> [Directions for this task]: Images excluded, return every record exactly as it reads.

BEGIN Material for the task

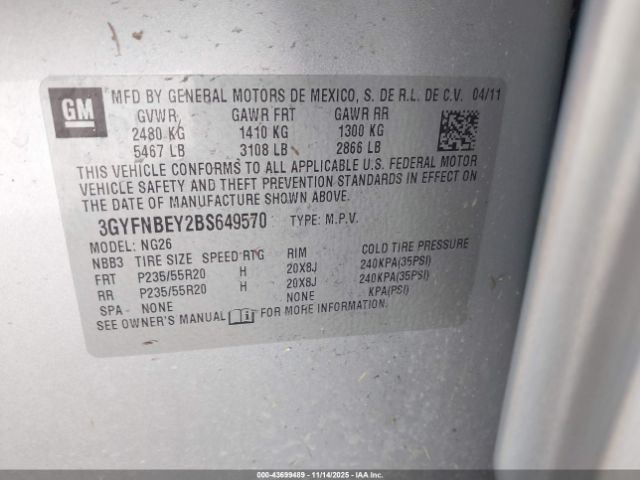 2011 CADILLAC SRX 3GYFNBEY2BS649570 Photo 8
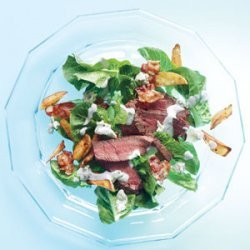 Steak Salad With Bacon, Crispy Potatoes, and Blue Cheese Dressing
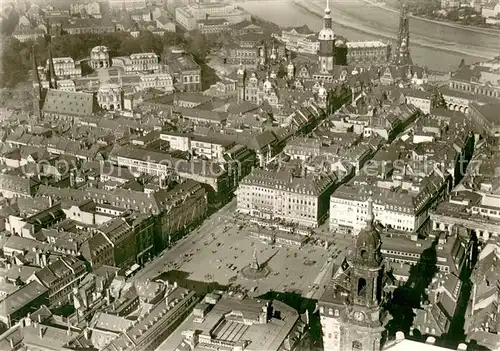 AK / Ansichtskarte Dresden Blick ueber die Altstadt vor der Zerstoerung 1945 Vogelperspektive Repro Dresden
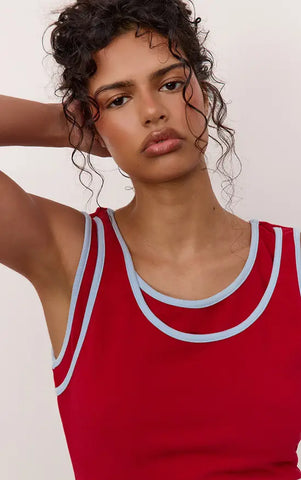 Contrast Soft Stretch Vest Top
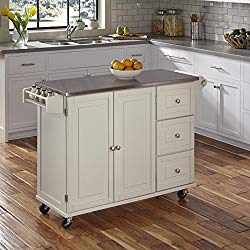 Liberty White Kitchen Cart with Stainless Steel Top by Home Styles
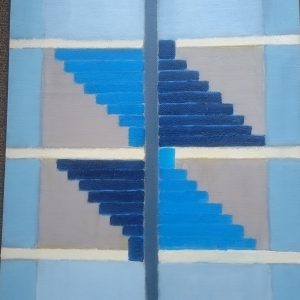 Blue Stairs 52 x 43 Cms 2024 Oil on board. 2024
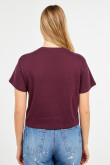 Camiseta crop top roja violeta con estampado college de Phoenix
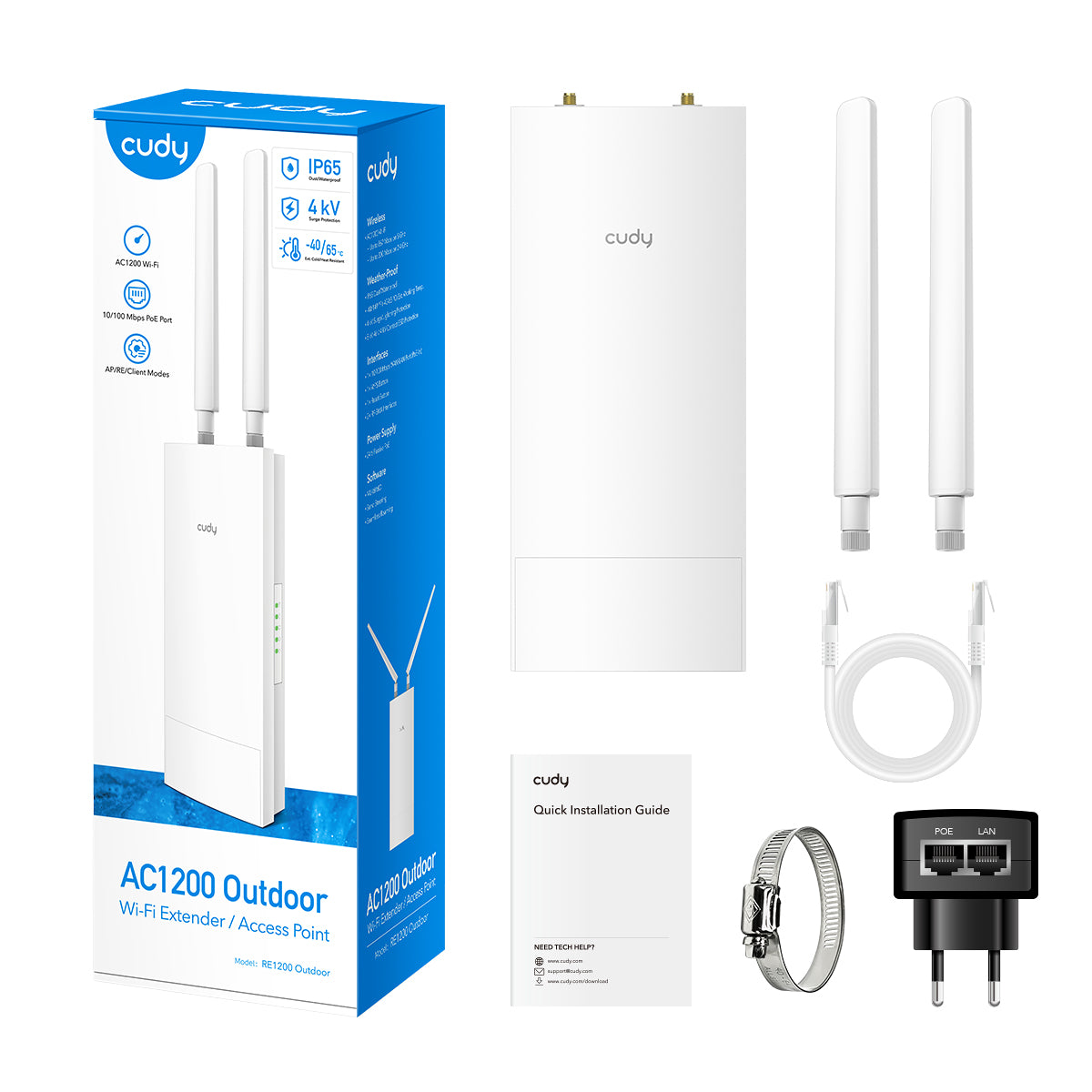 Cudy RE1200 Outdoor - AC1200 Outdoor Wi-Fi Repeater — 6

END Material for the task

> [Response for this exercise]:
 2011 CADILLAC SRX 3GYFNBEY2BS649570 Photo 8
 Steak Salad With Bacon, Crispy Potatoes, and Blue Cheese Dressing
 AK / Ansichtskarte Dresden Blick ueber die Altstadt vor der Zerstoerung 1945 Vogelperspektive Repro Dresden
 Contrast Soft Stretch Vest Top
 Liberty White Kitchen Cart with Stainless Steel Top by Home Styles
 Blue Stairs 52 x 43 Cms 2024 Oil on board. 2024
 Camiseta crop top roja violeta con estampado college de Phoenix
 Cudy RE1200 Outdoor - AC1200 Outdoor Wi-Fi Repeater — 6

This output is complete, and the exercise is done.